胴長短足の犬を探しに行くハズなのに、全員完全武装で、雰囲気も何処と無くピリついていた。

エスメラルダは薬品を出来るだけ調達し、矢もパンパンになる程用意してある。
ドワーフ3人組に至っては前日から酒を断っており、替えの斧を準備している程である。


「【テイム】故、殺さずに攻撃を加え、弱らせてからでないとテイム出来んらしい。(バド)」

「が、強敵相手に不殺を通すのは難しい。
もしこちらの命が危うくなったら手心加えず即殺すど。(ルド)」

「麻痺・鈍重・混乱・出血毒何かも揃えたし、広域ポーション等の回復系や、種子系アイテムも揃えたから前線でやり合う爺さん達、気兼ね無く言って頂戴。(エスメラルダ)」

「エスメラルダよ、あの吸血鬼の嬢ちゃんの薬は持ってきたか?(ロイ)」

「『三途の川』でしょ?勿論よ。
こちらの身が危なくなったら迷わず使うわ。
その代わり、完全に眠っちゃったらテイム出来なくなるけどね。(エスメラルダ)」

「ええ、ええ。命大事に、じゃ。(バド)」

(″ダックスフンド″だよね?本当にこれから″ダックスフンド″をテイムしに行くんだよね?(悠))

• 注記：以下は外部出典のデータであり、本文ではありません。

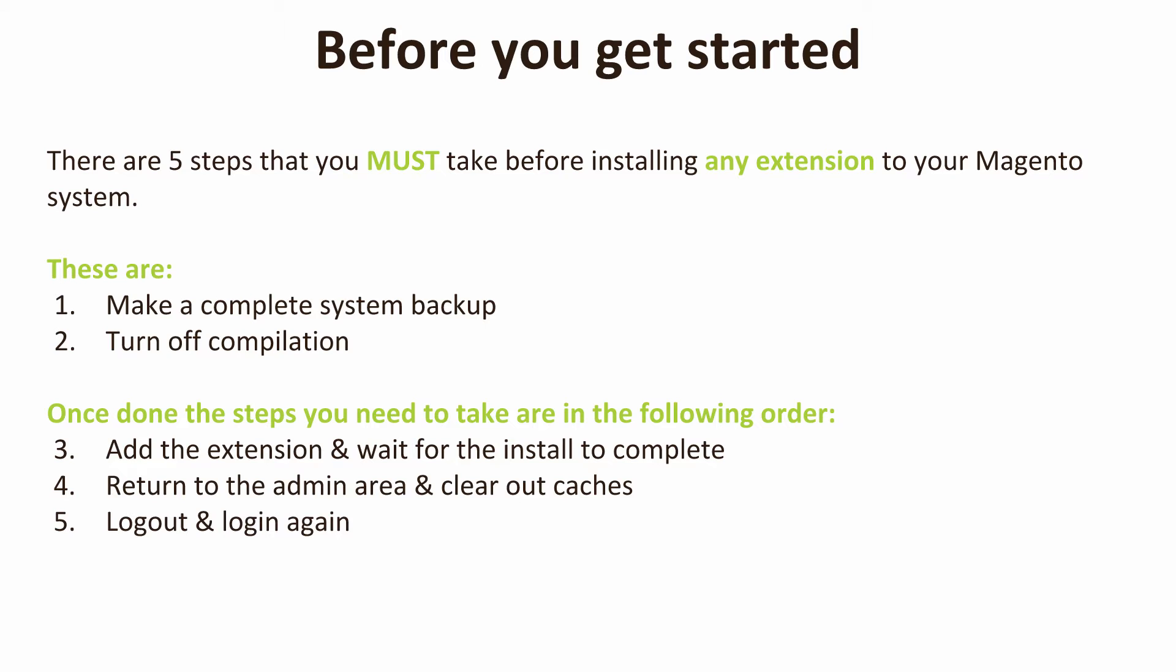During this tutorial we'll actually go through these. We make a backup before installing each and every extension on our Magento site, and also you'll see us go in and just double check that compilation is turned off. There are three additional steps as well. Thirdly, you're going to add the extension and wait for that install to complete fully—that's that green message 'cache clears successfully.'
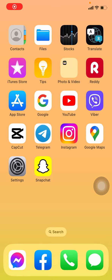Hello everyone, welcome to our channel Login Giants. In this video I'm gonna show you how to fix the can't login to Snapchat error code C14A on iPhone. Now let's jump straight into the process. Method one: firstly you have to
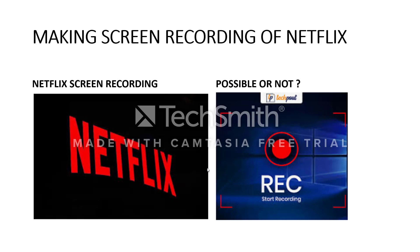Hello, good morning guys. This is my new channel, Infotainment. Today we are going to make a video that will guide you on whether we can make a screen recording on Netflix or not. Let's start.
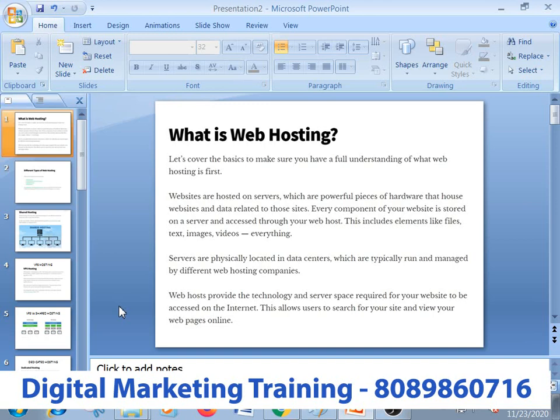This is a domain. This is an exclusive website hosting — a type of website hosting. This is a web server. This is a theory about website hosting and domain. This is a powerful piece of hardware — a web server that hosts websites and data related to those sites. Every component of your website is stored on a server and accessed through your web host.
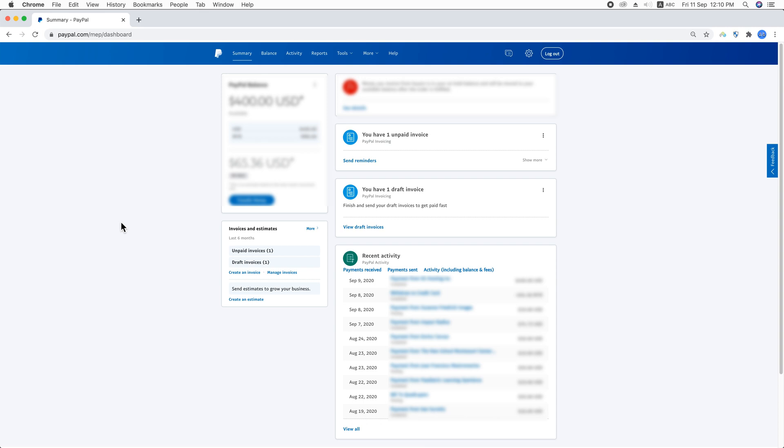So what you're going to do is just access your PayPal account. I think I don't need to show you that. And you will be here on the dashboard and here you will see the short list of your activities.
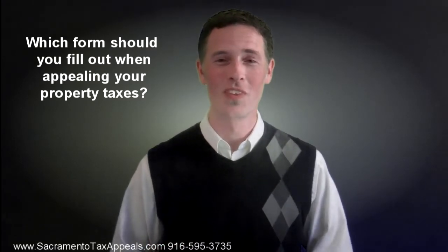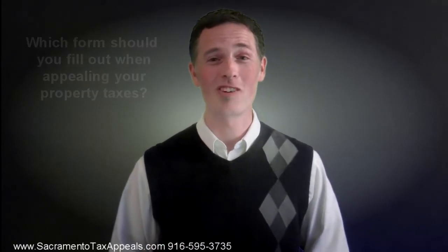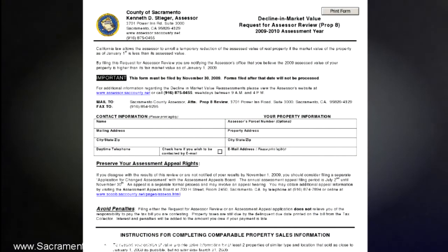So I hope this is helpful. The first form is the Proposition 8 Decline in Value Form. As you can see on the screen, this form asks for basic information about your property and then asks the homeowner to provide two comparable sales within the first quarter of the year. It's pretty easy to fill out and the better research you provide, the better chance of the assessor agreeing with you. Provide good research, provide good support, even if it's just at minimum those two sales.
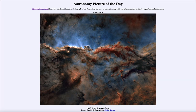So that was our picture of the day for June 19th of 2024, titled NGC 6188: Dragons of Ara. We'll be back again tomorrow for the next picture, previewed to be about the open solstice, so we'll see what that's about tomorrow. Until then, have a great day everyone, and I will see you in class.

話の内容からして、どうにも悠が思っている″ダックスフンド″とはかけ離れている事に、焦りの色が隠せない悠であった。




″ミユミユ″…


バッ!「っ!?(悠)」

「んぉ?どうしたんじゃ、ユウ。そろそろ行くど?(ルド)」

「あ、いや、何でもない…
(い、今何処からとも無く″ミユミユ″って…いや、まさかね…
僕がノリと勢いで美幸に付けた愛称…まさかこの世界で黒歴史の一端を耳にするとは…(悠))」


何かの聞き間違いだ、と解釈した悠は、ブンブンと頭を振って気持ちを切り替え、4人の後に着いていった。

悠が待望の″ダックス憤怒″と出会うまであと1時間。